- This topic has 6 replies, 3 voices, and was last updated 2 years, 6 months ago by john.saxon.
-
AuthorPosts
-
June 23, 2021 at 9:07 pm #1258mattkratzParticipant
Hey all,
One of our BB/control boards died and we’ve recently ran into some problems with a couple reactors that were previously working fine. Specifically, we have three reactors which when we connect to the control board and launch cb.sh script lead to a string of “multiplex comm failure” errors that leads to script shutdown. There is some additional nuance to this issue; on occasion I will plug on of these faulty reactors into the control board port M2 (or any other than M0) and the “multiplex comm failure” error will appear but reference port M0 (despite nothing being connected to said port). Some of these reactors may have been connected to the control board that died (unfortunately didn’t keep track). We’ve tried disconnecting the moisture sensor on a couple of these non-functioning reactors, but no change. We have three other reactors in the lab that can successfully launch the cb.sh script with this board. Do you think this is a reactor problem and is there anything we ought to try out on our side before sending them back to labmaker?

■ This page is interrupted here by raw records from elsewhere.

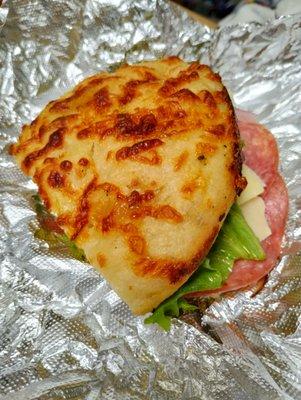 Focaccia cold cut sandwich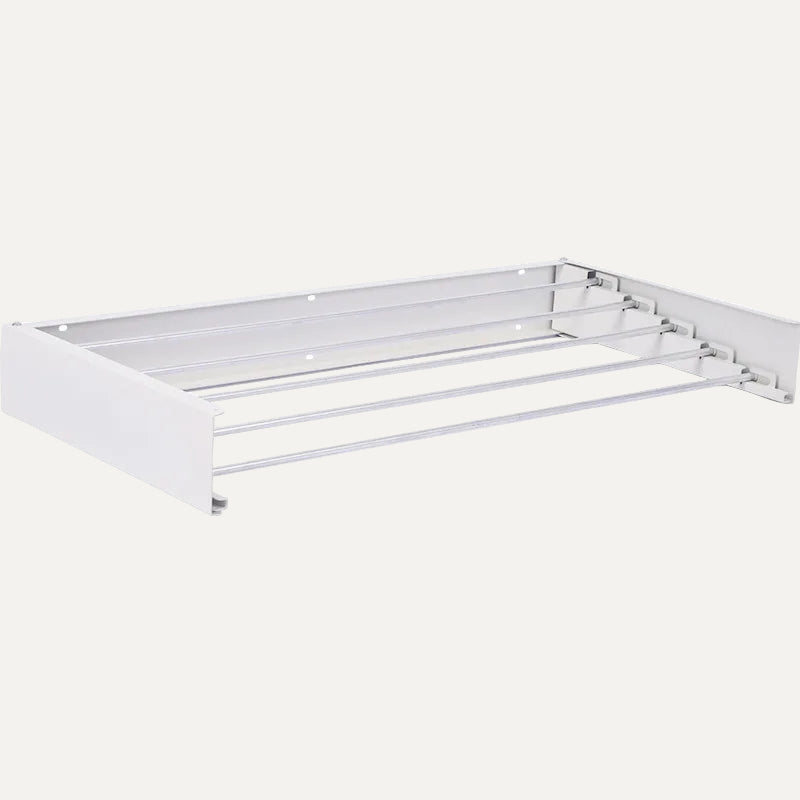 Metal wall mounted clothes airer on a white background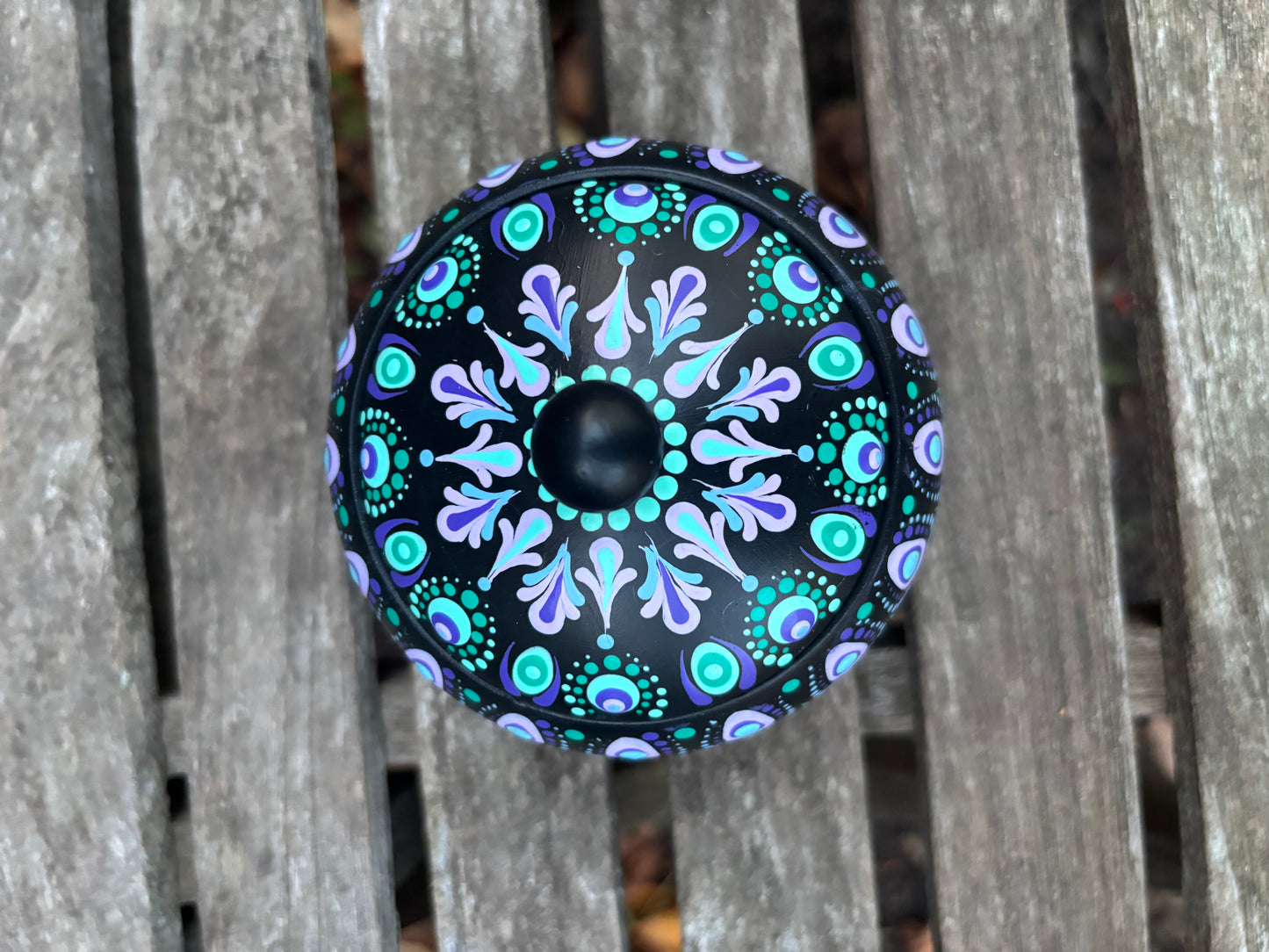 Concrete Mandala Chubby Pot with Lid-Trinket Bowl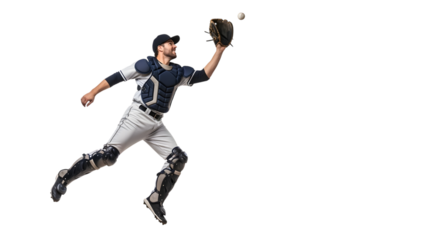 Baseball catcher in mid-air, leaping to catch a ball with his glove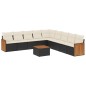 vidaXL 10-tlg. Garten-Sofagarnitur mit Kissen Schwarz Poly Rattan vidaXL 10-tlg. Garten-Sofagarnitur mit Kissen Schwarz Poly Rattan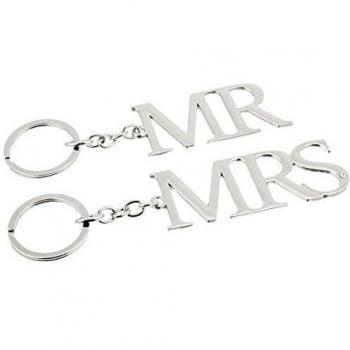 Amore Set Of Two Silverplated Key rings Mr & Mrs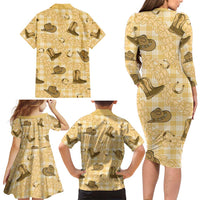 Yellow Palaka Hawaii Cowboy Family Matching Long Sleeve Bodycon Dress and Hawaiian Shirt Puakenikeni Lei Paniolo Papale Seamless Vibes LT14 - Polynesian Pride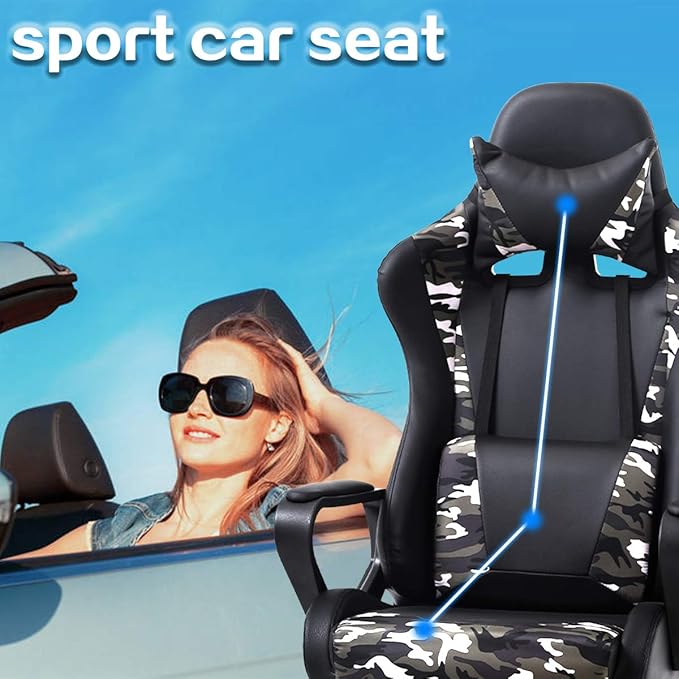 PC Gaming Chair Office Racing Desk Chair With Lumbar Support Arms Headrest Massage - High Back PU Leather Ergonomic Computer Chair Adjustable Swivel for Women Men Adult Camo
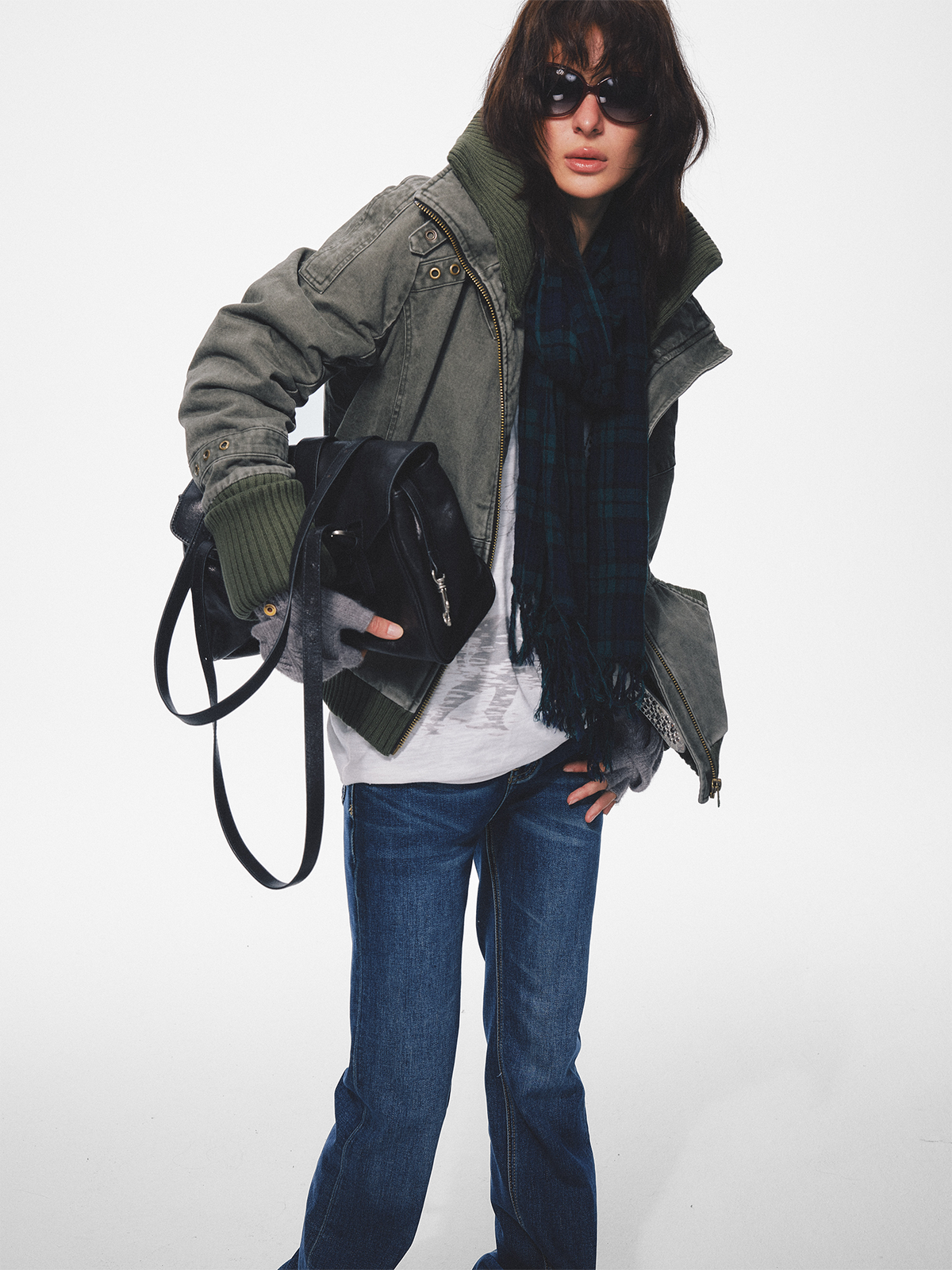 TRECLUB Retro Punk Washed Cross Eyelet Ribbed Collar Padded Jacket, premium urban and streetwear designers apparel on PROJECTISR.com, TRECLUB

Beyond this, we also have a specific reactor that has a previously encountered issue where one of the LED stays permanently ON. This persists when we power cycle the reactor.
All of this has occured when running on the most recent kernel and github release. Here is an example of the “multiplexer comm failure” error:
[2021-04-06 12:03:27 +0000] [1817] [INFO] Starting gunicorn 20.1.0
[2021-04-06 12:03:27 +0000] [1817] [INFO] Listening at: http://192.168.7.2:5000 (1817)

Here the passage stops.